Saturday, October 01, 2005

Mynah Birds and Flying Rocks II

The second section addresses the topic of mynah birds, starting with a reference to a pair of paintings of these birds held by the Freer Gallery in Washington. Professor Rosenfield tells us that "Buson took the subject--fighting mynah birds--from a mode of painting that had come recently from China, but he imbued it with the spirit of haikai verse, and thus made it far more expressive than his models." My question is, what is the spirit of haikai verse, and what does it mean to say that a painting is imbued with it? (He may address this later; I note it as something that comes to mind, especially since Japanese scholars are always making references to haikai spirit and I'm never sure what they mean by this term. Although I can guess, it's better to be told what they think.) JR says that Buson's use of a specific painting technique here, "an underlying geometric framework" that counterbalances the "puddled ink" brushwork, that is derived from the work of Shen Nanpin. The paintings were done for Ashida Kafu (whom I write about in my book). In introducing Kafu, JR tells us a little about the details of Buson's relationships with clients and how he procured materials, but he drops this interesting subject almost immediately, I'm sorry to say.

Next is a short introduction to the uses of mynah birds in painting. JR takes issue with the assertions of Haga Tôru and Hayakawa Monta that these mynahs were emblematic of the state of unrest in the society at the time and the fact that mynahs are symbolic of pandering to authority bears this out. However, mynahs mean something else in a different context. And, JR points out quite accurately that Buson didn't make much reference to politics or social protest in his verse. (Haikai poets of this period didn't.) Given that this is the case, JR looks for "artistic motivations" to help us understand the painting.

After that is a nice brief overview of the Nagasaki School, particularly of Shen Nanpin's activities.
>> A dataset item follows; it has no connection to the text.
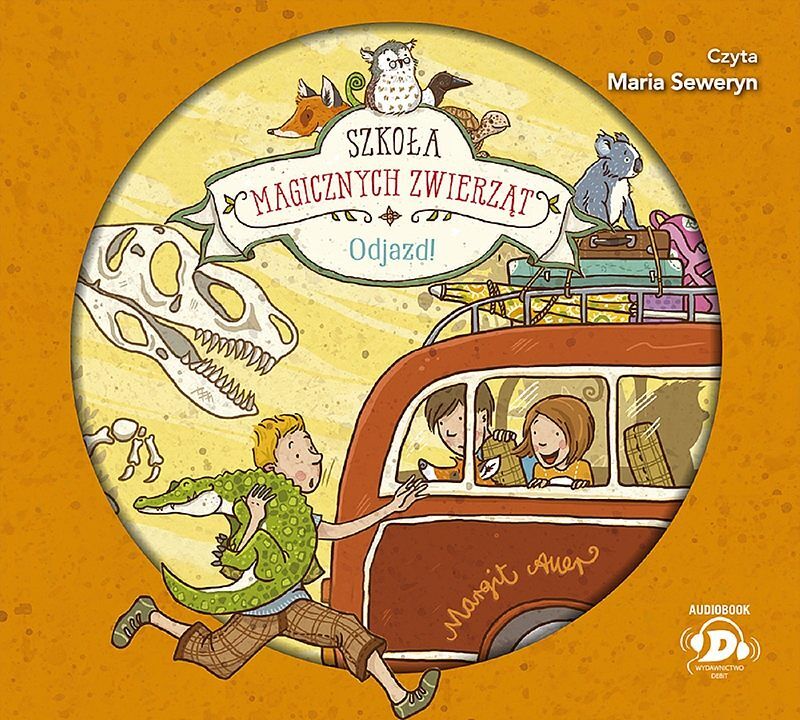 Szkoła magicznych zwierząt. Odjazd! (audiobook CD)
JR says that Buson's mynah bird painting is an indication of his familiarity with the work of Nagasaki school painters, though it's not known how he came to know of it. (24) A couple of interesting things here: first, the illustrations of schematic plans of painting compositions from Ransai gafu--I've never seen anything like this before. I suppose it makes sense, but it's amazing to see how completely formulaic it all was. Second, JR's comment that it's revealing to compare what Buson (a "gifted painter") does and what these sad old professional hacks of the Nagasaki school do with a similar subject. Buson's is "far more dramatic" (26).

JR then tells us that Buson's interest in the Nagasaki school style marked him as different from most of his colleagues--the aims of the Scholar-Amateur (i.e. nanga) painters were opposed to those of the more "academic" Nagasaki school affiliates. This is perfectly in keeping with the approach he took to haikai: he wasn't much interested in orthodoxies of any kind.

The next section, "Poetic Vision" in Buson has some nice translations of Buson hokku that also deal with birds. What worries me about this section is that JR does not comment on the fact that in the first instance, the mynah bird paintings, he's talking about visual art, and the second instance, hokku that use bird imagery, he's talking about literature. It's problematic, I think, to lose sight of the fact that we're talking about two very different contexts or media here. It is true that in many ways Buson and his colleagues acted as if there was no meaningful distinction between painting and poetry, consistent with a long line of haikai poets and indeed a good deal of the cultural tradition of China and Japan. However, there is a distinction, to the extent that it's worth pointing out that it is being ignored. I don't think I'm expressing this clearly. How about if I say this: just because Buson acts like the distinction doesn't exist, and indeed precisely because he acts like it doesn't exist, it is important to comment on it. Otherwise we miss a lot of what makes Buson's paintings and poetry--his haiga especially--cool.

So that's something my review needs to mention. How great it would have been to read someone as amazing as Rosenfield really getting his teeth into this problem. I'd really like to hear what he has to say about it.

The next chapter is about haiga. Haiga are so amazing and so under-studied, especially by art historians in North America and Europe, I'm delighted to see JR talking about them. He starts out by telling us a bit about Bashô's haiga, then jumps into Buson's. He gives us a short commentary on the Hashimoto piece. He then gives us a summary of haikai by resorting to a massive block of quotations from Haruo Shirane's book Traces of Dreams. All of these are terrific quotations, and anyone could be forgiven for thinking they couldn't have said it better themselves, but in a book of this kind it seems sort of timid. I completely understand the way it feels to reach into a different discipline--I felt much the same myself in trying to write about Buson's paintings as a mere literary historian, and may yet suffer hideously for daring to do so. But Professor Rosenfield has nothing to fear from anybody, I would have thought. Here he does something I holler at my own students for doing. It's mysterious. After this comes a pretty detailed discussion of the Manzai dancer painting, one of a hachi tataki guy and lastly that charmless Maruyama Ôkyo one with the cat and the spoon.

These are nice, brief expositions of some important haiga that give readers a good idea of how they work. Okay. That's it for this section.